Assignment
Down to the last line below, write out every line exactly, starting with the one that contains "It could be" and leaving out the pictures.

● ● ● ● ● ● ●

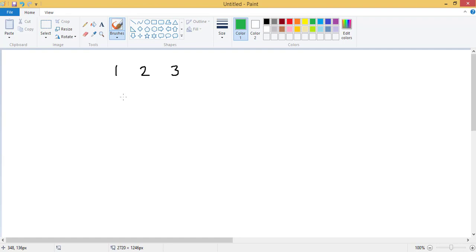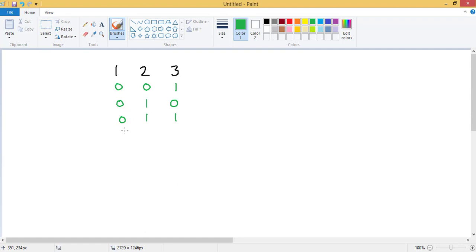So for each element, you decide whether to consider it or not. For example: consider 1 and 2 but not 3; consider 2 and 3 but not 1; consider 1, 2, and 3; consider only 1; consider 1 and 3 but not 2; and so on. There is also one subset where no element is considered — the empty subset.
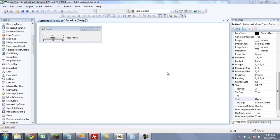Hey guys, welcome to the 16th C-Sharp tutorial. In this tutorial, we are going to be reading what type of armor you have in Halo 3 from your film file. This is going to be your intro to modding programs.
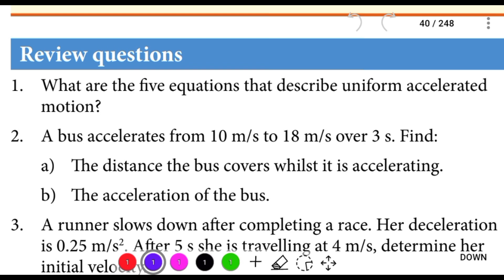Welcome to this video on Section 2.4: Equations of Uniformly Accelerated Motion. We will be going through the review questions together.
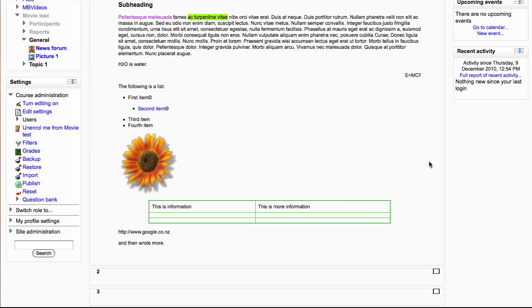In this video we will look at how to allow users to self-enroll in your course in Moodle 2.0, as it is a little different from how it was in 1.9.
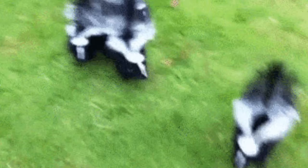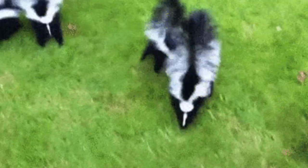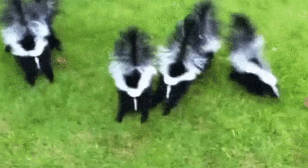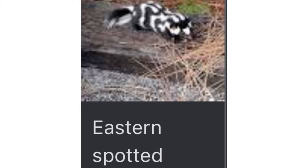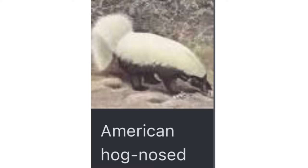Hello everyone, today I'm going to speak about different types of skunks. Striped skunk: they are found in North America and Mexico. Eastern spotted skunk: they live in the riverside forest. They can hog no skunk, the largest skunks in the world.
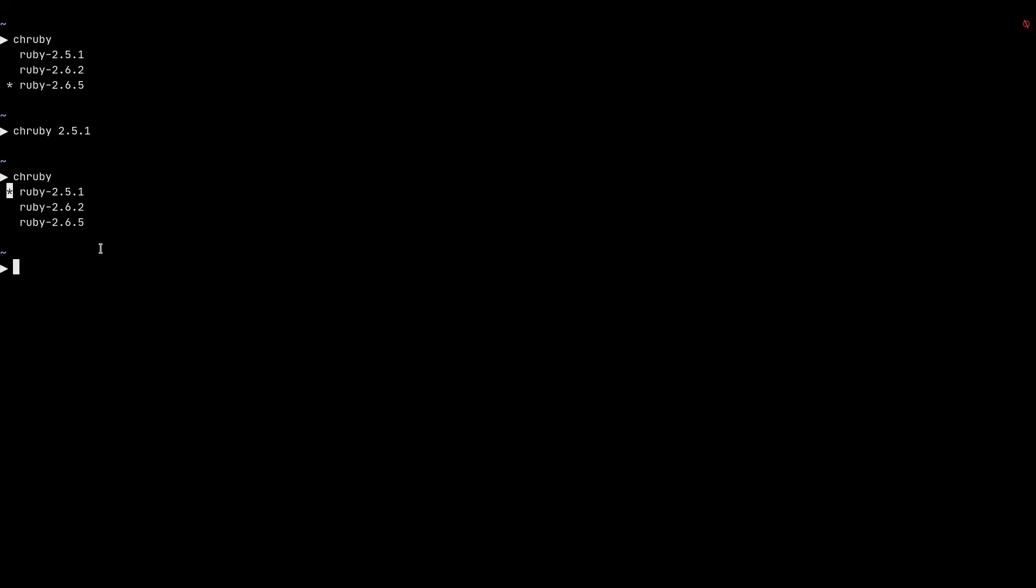It could be like if I open a new terminal window now, it will go back to 2.6.5 because that's the default version that I have on my system. So this is one way of changing the active ruby interpreter on your machine. But if you are like me and working on a project on a day-to-day basis, this is not practical.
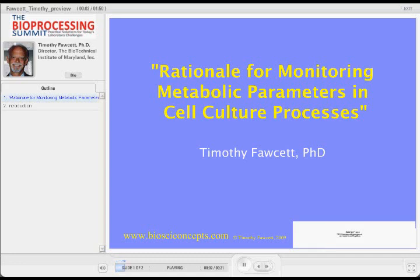Our next speaker is Timothy Fawcett. He's the director of the Biotechnical Institute of Maryland. Good morning, everybody.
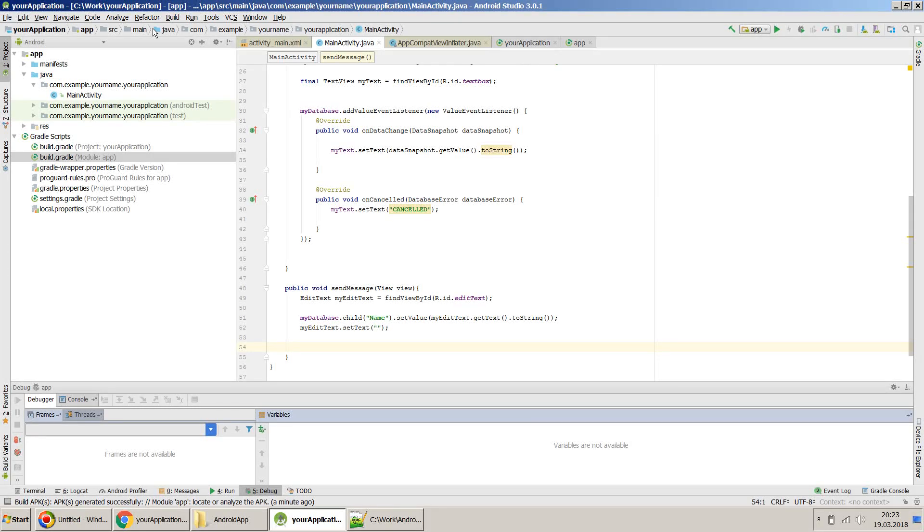Hello friends, in this video I will show you how to create an APK from your Android Studio so that you can install that app into your Android phone. It's very simple.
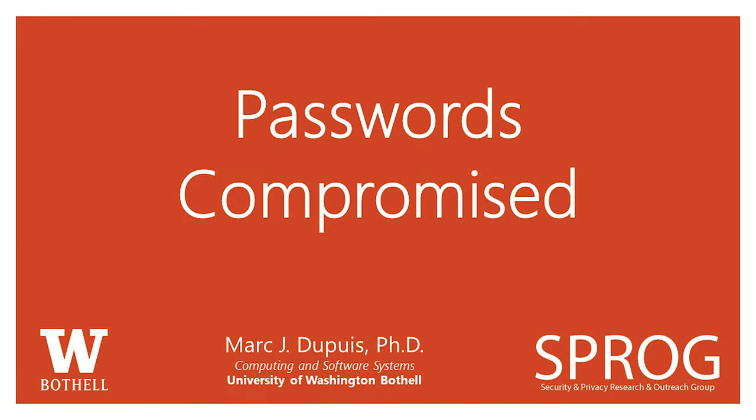Passwords compromised - something we often hear in the news or online, but why should we care?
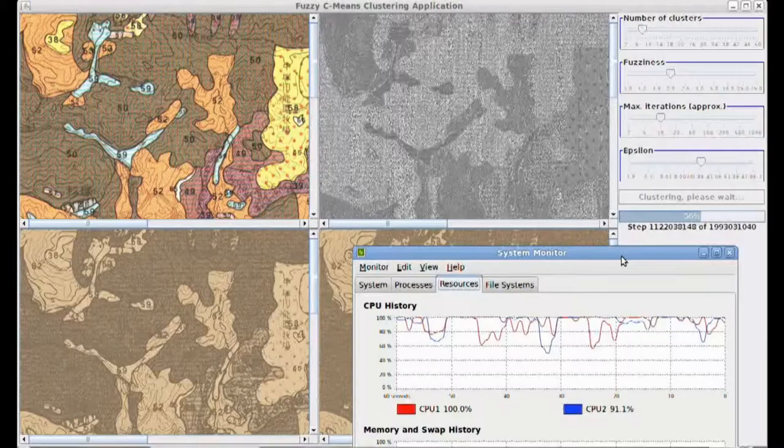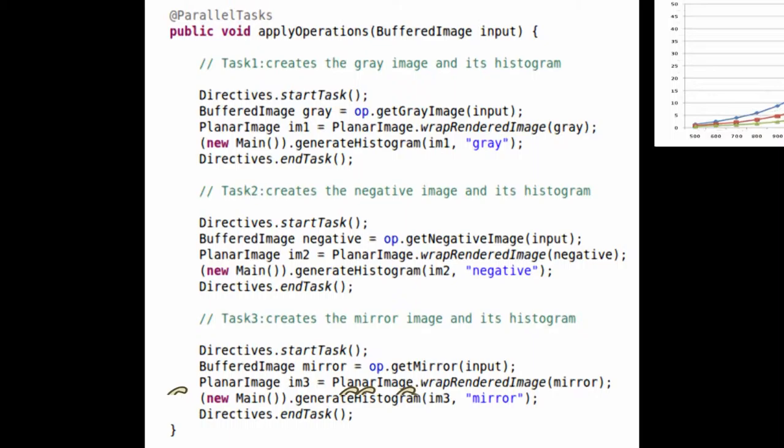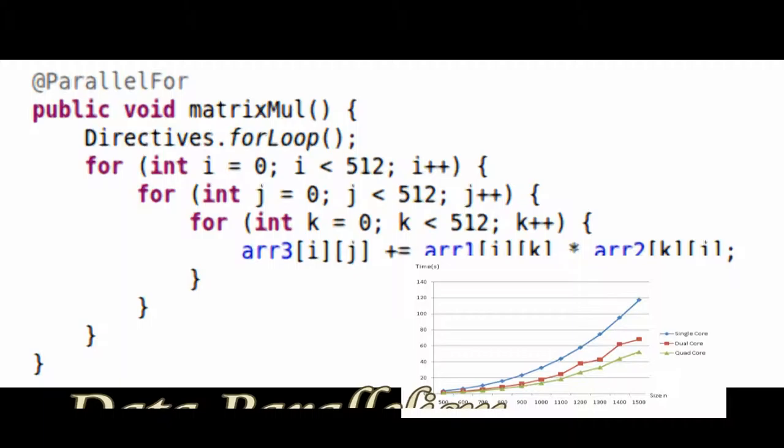JConquer comes as a plugin for Eclipse IDE. The toolkit uses an annotation and directive mechanism to convert the sequential application into a parallel application.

● ● ● ● ● ● ●

Written solution
It could be like if I open a new terminal window now, it will go back to 2.6.5 because that's the default version that I have on my system. So this is one way of changing the active ruby interpreter on your machine. But if you are like me and working on a project on a day-to-day basis, this is not practical.
Our next speaker is Timothy Fawcett. He's the director of the Biotechnical Institute of Maryland. Good morning, everybody.
Hello friends, in this video I will show you how to create an APK from your Android Studio so that you can install that app into your Android phone. It's very simple.
Passwords compromised - something we often hear in the news or online, but why should we care?
JConquer comes as a plugin for Eclipse IDE. The toolkit uses an annotation and directive mechanism to convert the sequential application into a parallel application.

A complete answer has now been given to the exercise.